Afin d’y voir plus clair, les trois scientifiques de l’Université de Fribourg ont analysé un total de 2021 impacts, positifs et négatifs, liés à l’introduction, pour diverses raisons, de grands mammifères herbivores en dehors de leur aire de répartition naturelle à travers le monde. Pour comparer ces effets, ils ont recouru à deux cadres d’analyse qu’ils ont développés au cours de la dernière décennie en collaboration avec une équipe internationale de chercheurs·euses.
Le premier, intitulée EICAT (Environmental Impact Classification for Alien Taxa) évalue les impacts écologiques négatifs des espèces introduites sur la biodiversité indigène. Cette grille d’analyse a été officiellement adopté comme norme mondiale par l’Union internationale pour la conservation de la nature (UICN).
Le second, EICAT+, reprend les principes de base d’EICAT pour examiner dans quelle mesure ces espèces pourraient contribuer à freiner le déclin de la biodiversité locale.
Remède souvent pire que le mal
Les résultats de ces analyses viennent d’être publiés dans la revue Nature Communications. Pour Zoé Bescond-Michel, ils constituent un véritable signal d’alarme: «En étudiant ces cas d’introduction de grands mammifères herbivores – comme les cerfs, les chevaux ou les buffles – en dehors de leur aire d’origine, nous avons constaté que ces actions, malgré les meilleures intentions, causent souvent plus de tort que de bien à la biodiversité locale.»
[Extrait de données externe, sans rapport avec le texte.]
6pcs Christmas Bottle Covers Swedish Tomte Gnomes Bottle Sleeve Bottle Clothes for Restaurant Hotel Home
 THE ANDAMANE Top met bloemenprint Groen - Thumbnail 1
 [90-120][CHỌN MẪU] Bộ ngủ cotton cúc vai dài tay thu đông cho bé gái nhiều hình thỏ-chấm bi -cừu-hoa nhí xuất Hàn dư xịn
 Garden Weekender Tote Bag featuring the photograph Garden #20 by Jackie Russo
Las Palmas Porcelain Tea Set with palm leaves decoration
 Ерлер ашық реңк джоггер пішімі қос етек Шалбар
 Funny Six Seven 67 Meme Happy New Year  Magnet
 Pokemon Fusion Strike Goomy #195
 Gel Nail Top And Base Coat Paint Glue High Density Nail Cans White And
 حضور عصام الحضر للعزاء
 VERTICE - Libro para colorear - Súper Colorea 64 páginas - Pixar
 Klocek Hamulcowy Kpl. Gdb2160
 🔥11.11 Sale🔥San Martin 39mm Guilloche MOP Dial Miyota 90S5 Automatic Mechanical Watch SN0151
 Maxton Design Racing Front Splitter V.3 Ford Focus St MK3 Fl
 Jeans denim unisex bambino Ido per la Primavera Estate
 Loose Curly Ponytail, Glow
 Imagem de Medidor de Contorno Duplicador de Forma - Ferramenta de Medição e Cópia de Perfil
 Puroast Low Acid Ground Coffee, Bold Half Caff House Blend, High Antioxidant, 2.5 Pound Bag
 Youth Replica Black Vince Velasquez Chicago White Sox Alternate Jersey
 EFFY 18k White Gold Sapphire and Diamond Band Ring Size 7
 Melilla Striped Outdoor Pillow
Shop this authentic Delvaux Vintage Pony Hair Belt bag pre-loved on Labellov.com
Pire encore, les scientifiques n’ont trouvé qu’une seule espèce, le cerf-cochon (Axis porcinus), pour laquelle aucun impact négatif n’a été rapporté dans la littérature scientifique! «Le constat est simple, poursuit Zoé Bescond-Michel: seul un impact sur cinq de ces grands herbivores introduits s’est révélé positif.»
Les scientifiques ont en particulier découvert que les écosystèmes insulaires ainsi que les espèces situées en haut de la chaîne alimentaire se révèlent les plus vulnérables aux impacts liés à l’introduction d’herbivores.
Ils ont cependant aussi observé que certaines espèces indigènes peuvent en tirer un bénéfice — bien que ce gain se fasse souvent au détriment d’autres espèces locales. À titre d’exemple, dans certaines régions, des espèces de cerfs introduites (Cervus elaphus, Cervus nippon et Muntiacus reevesi) ont effectivement permis à certaines plantes rares indigènes de prospérer, en broutant leurs plantes concurrentes. « Cet effet positif, cependant, se fait au détriment d’autres espèces locales, que ces herbivores introduits préfèrent consommer.», tempère aussitôt Sven Bacher.
Conséquences sur les stratégies de conservation
Même lorsque l’équipe de scientifiques a tenté de prendre en compte les effets positifs, ceux-ci se sont révélés rares et peu marqués. De plus, l’ampleur des bénéfices ont diminué avec le temps — contrairement aux impacts négatifs, qui, eux, sont restés constants et en moyenne plus importants que les effets bénéfiques.
En raison de cette asymétrie, les trois chercheurs invitent désormais leurs collègues à reconsidérer les arguments en faveur de l’introduction d’espèces non indigènes dans le cadre de projets de renaturation fonctionnelle ou comme réponse aux effets du changement climatique.
Les auteurs·trice recommandent également d’évaluer avec soin les risques et les bénéfices avant toute intervention. «Si certaines espèces menacées sont introduites hors de leur aire de répartition naturelle à des fins de conservation, elles peuvent y jouer un rôle écologique, mais elles risquent aussi de devenir envahissantes, menaçant d’autres espèces déjà fragiles, conclut Giovanni Vimercati, mieux vaut donc prévenir que réintroduire!»